Problem:
What is needed is an exact copy of every line from the one containing "通过球场比赛日志愿服务促进社区居民互动与凝聚力提升的探索与实践" through the end of the entries; please set it down without any pictures.

Information supplied:
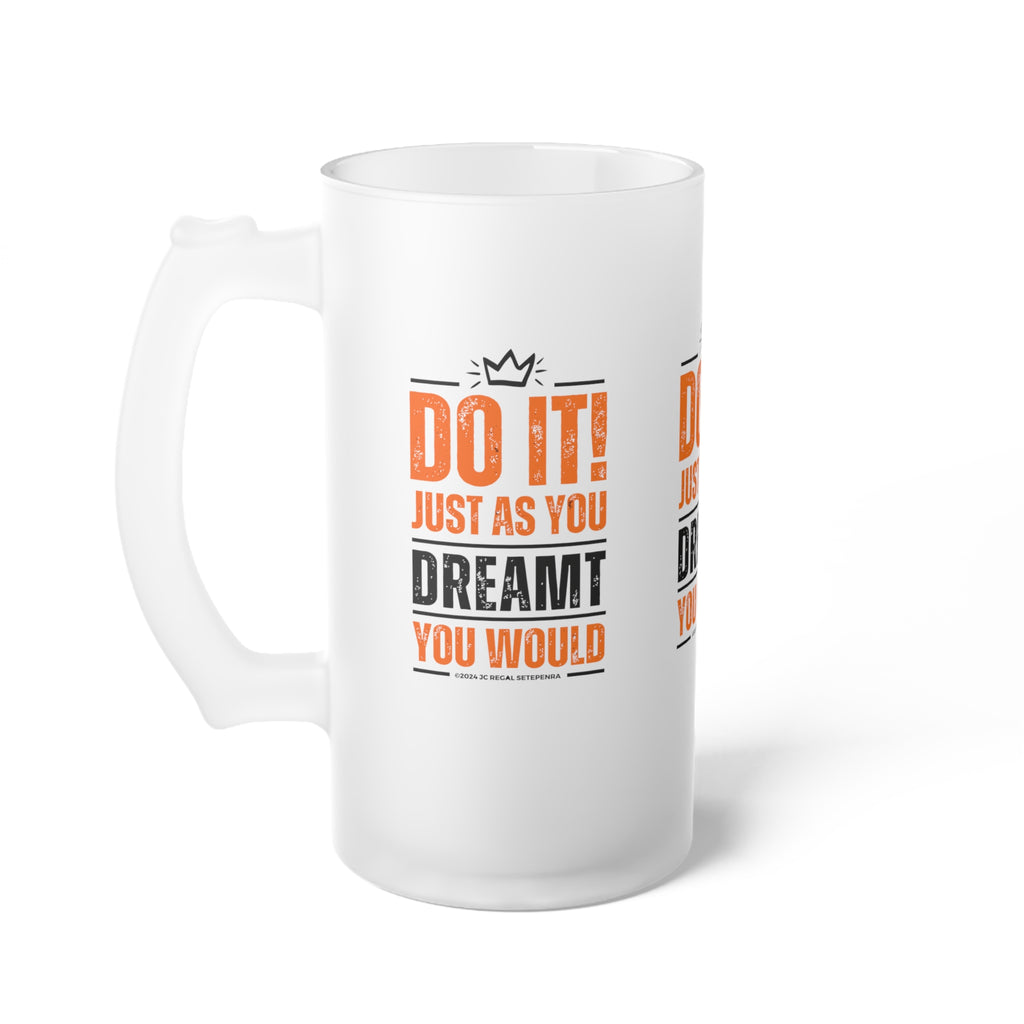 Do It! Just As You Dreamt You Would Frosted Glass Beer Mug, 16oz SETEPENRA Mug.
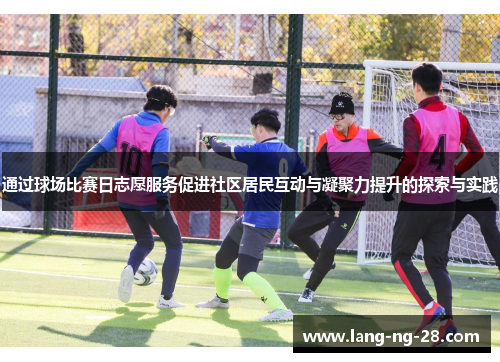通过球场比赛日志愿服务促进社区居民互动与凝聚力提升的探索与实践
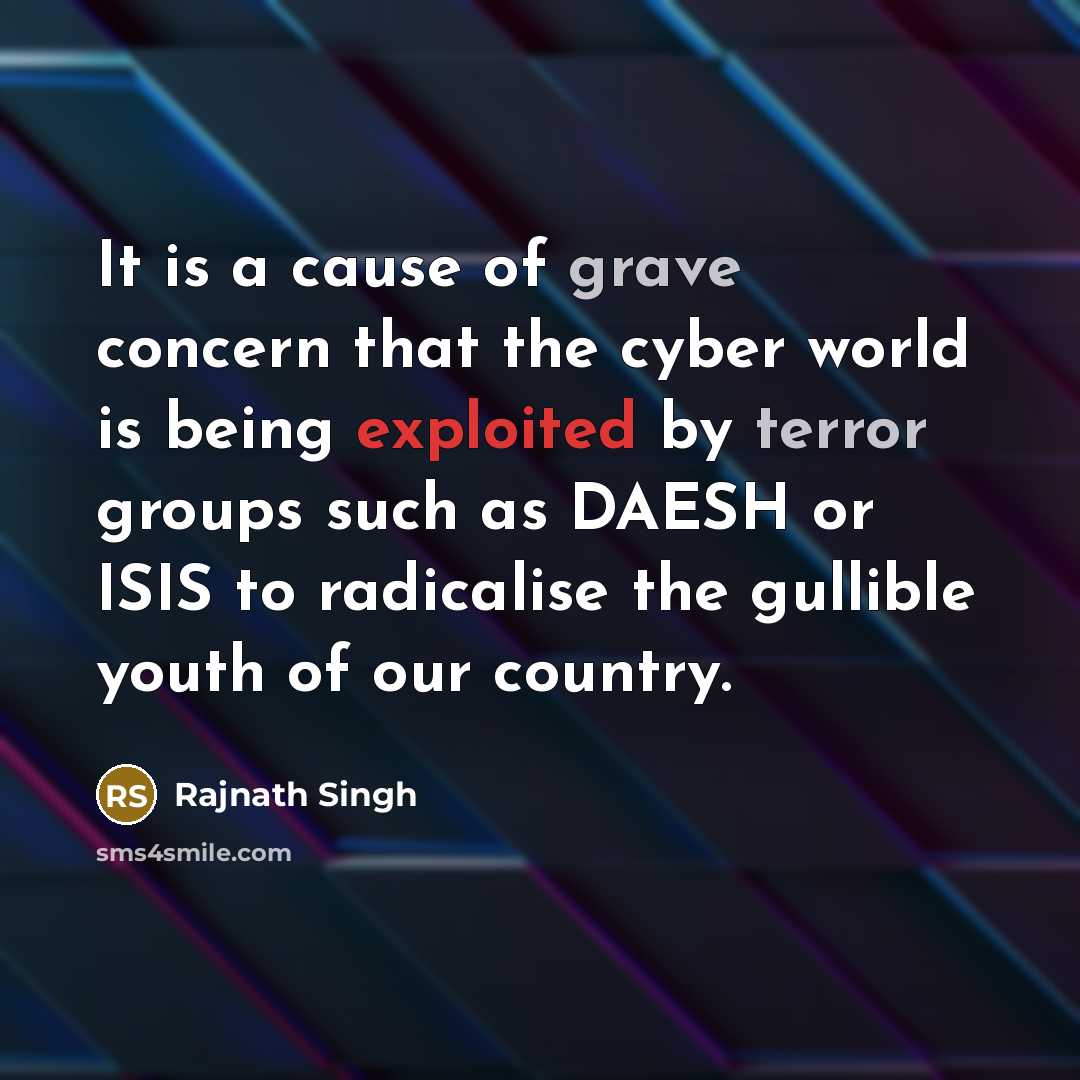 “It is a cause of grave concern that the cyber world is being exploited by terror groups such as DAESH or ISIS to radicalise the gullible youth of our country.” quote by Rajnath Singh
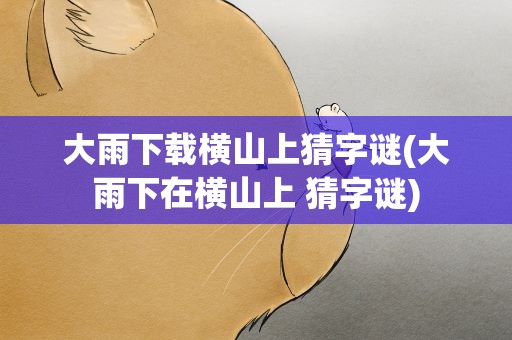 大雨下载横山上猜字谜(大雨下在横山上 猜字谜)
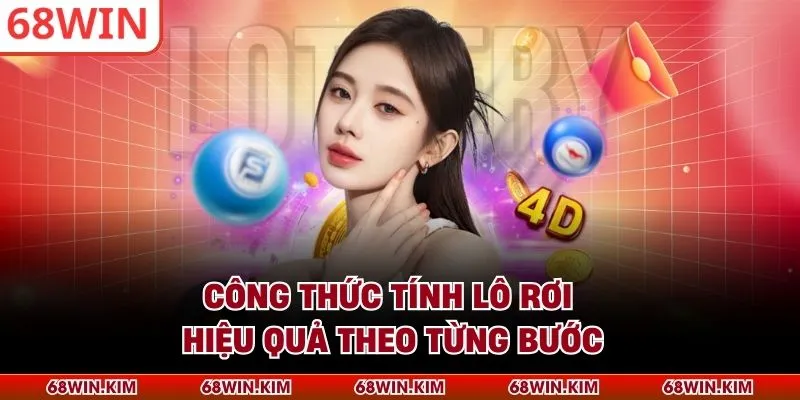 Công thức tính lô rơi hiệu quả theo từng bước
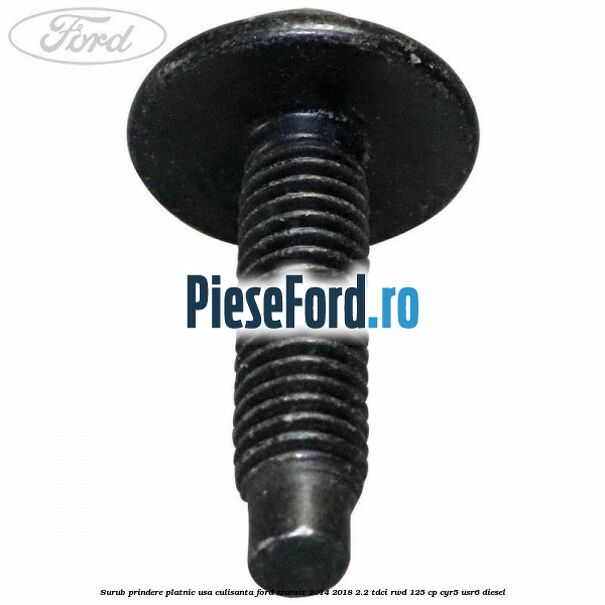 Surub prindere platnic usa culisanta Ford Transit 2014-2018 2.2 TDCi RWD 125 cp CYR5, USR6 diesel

Exercise output:
通过球场比赛日志愿服务促进社区居民互动与凝聚力提升的探索与实践
 “It is a cause of grave concern that the cyber world is being exploited by terror groups such as DAESH or ISIS to radicalise the gullible youth of our country.” quote by Rajnath Singh
 大雨下载横山上猜字谜(大雨下在横山上 猜字谜)
 Công thức tính lô rơi hiệu quả theo từng bước
 Surub prindere platnic usa culisanta Ford Transit 2014-2018 2.2 TDCi RWD 125 cp CYR5, USR6 diesel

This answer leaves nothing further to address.